* **EXTRACTED RECORDS**
<<<<
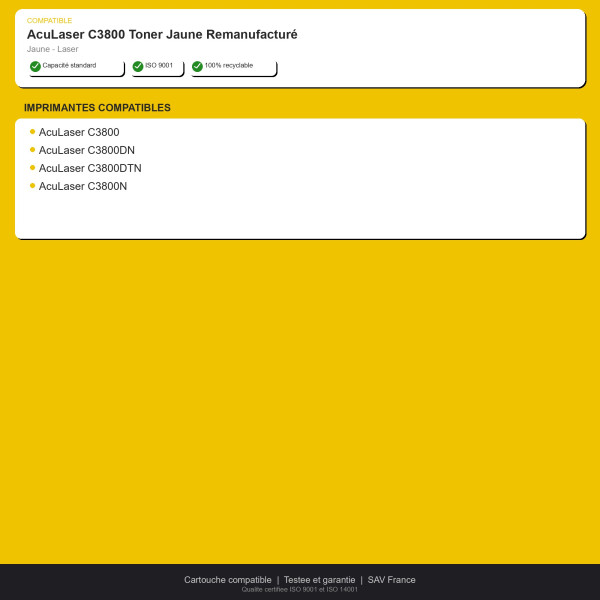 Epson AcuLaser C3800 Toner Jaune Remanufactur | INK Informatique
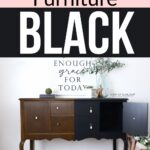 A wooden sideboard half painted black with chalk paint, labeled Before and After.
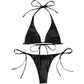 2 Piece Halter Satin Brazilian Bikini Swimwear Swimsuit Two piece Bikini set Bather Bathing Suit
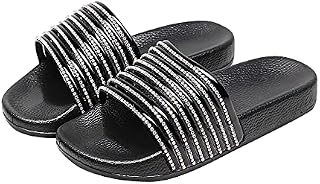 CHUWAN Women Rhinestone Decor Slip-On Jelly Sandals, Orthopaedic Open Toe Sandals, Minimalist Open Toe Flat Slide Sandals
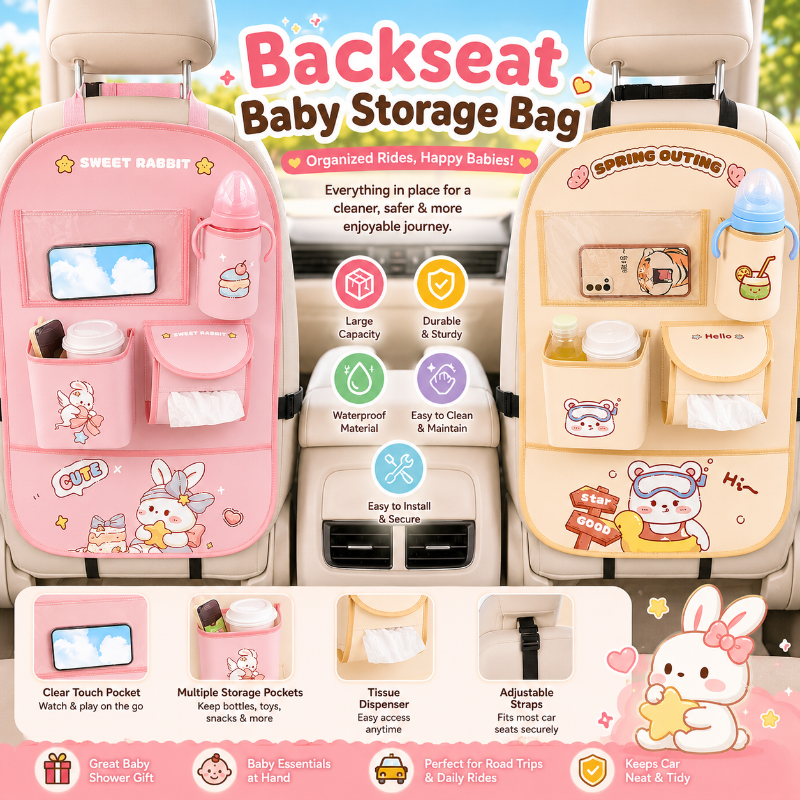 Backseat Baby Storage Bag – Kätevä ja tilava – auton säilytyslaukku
>>>>
<<<<
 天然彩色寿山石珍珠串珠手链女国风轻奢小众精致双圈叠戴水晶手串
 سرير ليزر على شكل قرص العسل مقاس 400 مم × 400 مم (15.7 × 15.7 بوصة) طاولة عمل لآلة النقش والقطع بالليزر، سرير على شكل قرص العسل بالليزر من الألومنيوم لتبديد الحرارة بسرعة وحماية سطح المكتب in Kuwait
>>>>
* **TASK REQUIREMENTS**
Starting with the line above that holds "2 Piece Halter", restate each line word for word up to and including the line that holds "CHUWAN Women Rhinestone". Drop the pictures.

* **RESPONSE AREA**
 2 Piece Halter Satin Brazilian Bikini Swimwear Swimsuit Two piece Bikini set Bather Bathing Suit
 CHUWAN Women Rhinestone Decor Slip-On Jelly Sandals, Orthopaedic Open Toe Sandals, Minimalist Open Toe Flat Slide Sandals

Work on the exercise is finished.